Overview

On July 11, 2013, the Supreme Court of Canada granted leave to appeal in Tervita Corporation v. Commissioner of Competition.  Five months earlier, the Federal Court of Appeal (the “FCA”) upheld the order of the Competition Tribunal (the “Tribunal”) requiring Tervita (formerly known as CCS Corporation) to divest the Babkirk hazardous waste landfill site that it obtained through its acquisition of Complete Environmental Inc. The Commissioner of Competition had applied to the Tribunal pursuant to section 92 of the Act, which grants jurisdiction to the Tribunal to intervene where "a merger or proposed merger prevents or lessens, or is likely to prevent or lessen, competition substantially". 

At issue in the FCA was, among other things, the proper time frame in determining whether a merger results in a substantial prevention of competition and the proper methodology for applying the efficiency defence under the Act.  In its reasons, the FCA endorsed a forward-looking approach to merger review. It also clarified the proper methodology for applying the "efficiencies defence" under the Act. For more information, please see our previous bulletin analyzing the Federal Court of Appeal’s decision.

Issues before the Supreme Court of Canada

The matters for which leave to appeal was sought, and granted, is the proper legal test to determine when a merger gives rise to a substantial prevention of competition under section 92 of the Act and the proper approach to the efficiencies defence under section 96 of the Act.

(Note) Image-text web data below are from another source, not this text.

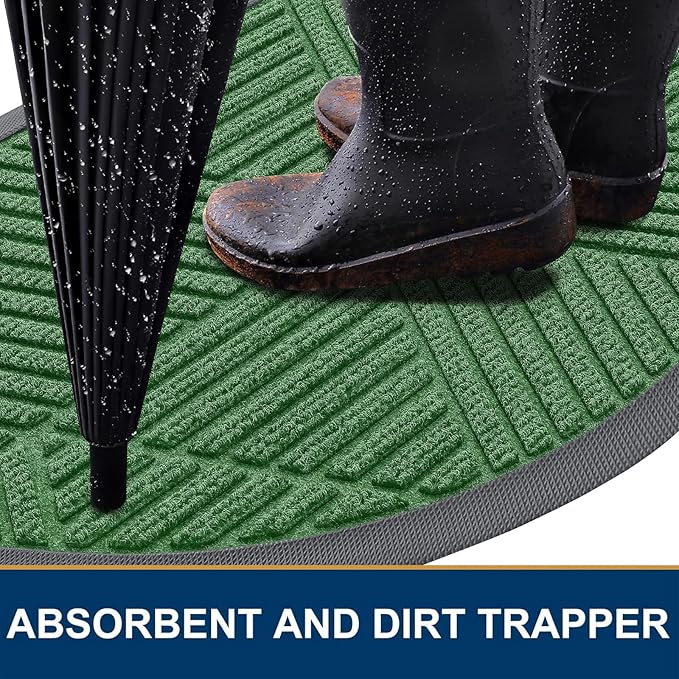 Smiry Half Circle Front Door Mat Outside Entrance, Heavy Duty Sturdy Natural Rubber Doormat, Trap Dirt and Moisture, Low Profile Mats for Indoor Outdoor Entry, Irregular Triangle (29.5x17, Green)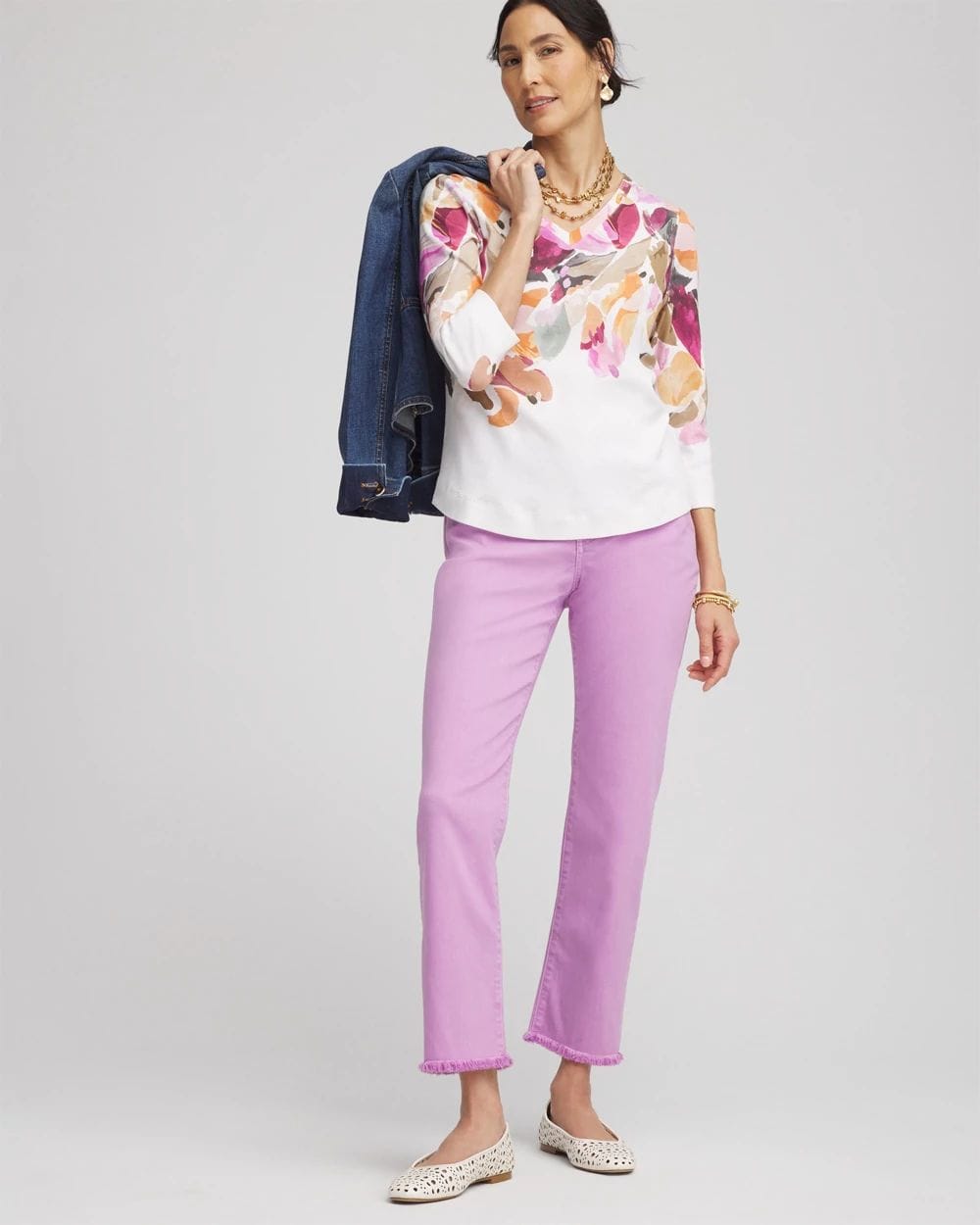 chic Floral-Motif Mesh 3/4 Sleeve Top | Chico's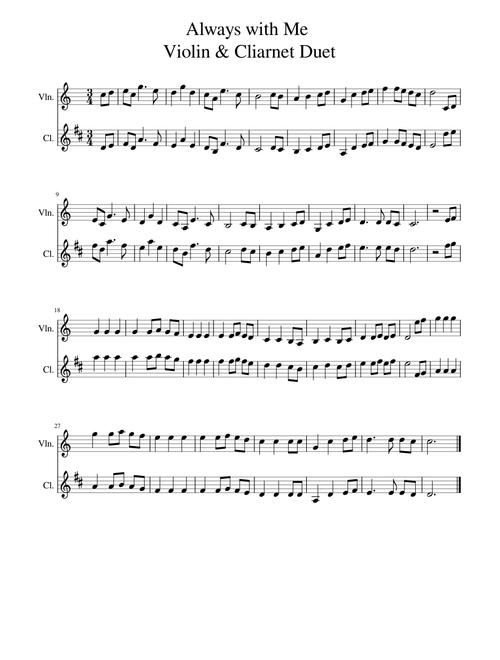 Always with me Duet (Violin & Clarinet)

The Supreme Court of Canada is expected to provide guidance regarding the following specific issues raised by the applicants: 

  • the proper legal test to determine when a merger gives rise to a substantial prevention of competition under section 92 of the Act, and to what extent, if any, the Tribunal is permitted to consider possible future events when it finds that there is no present competitive constraint being removed from the market; and
  • the proper approach to the efficiencies defence under section 96 of the Act and, and in that regard, on what basis can real, quantified efficiencies (such as the Order Implementation Efficiencies) be rejected, as well as the proper approach to the offset analysis.1

A date for the hearing of the appeal has not been announced.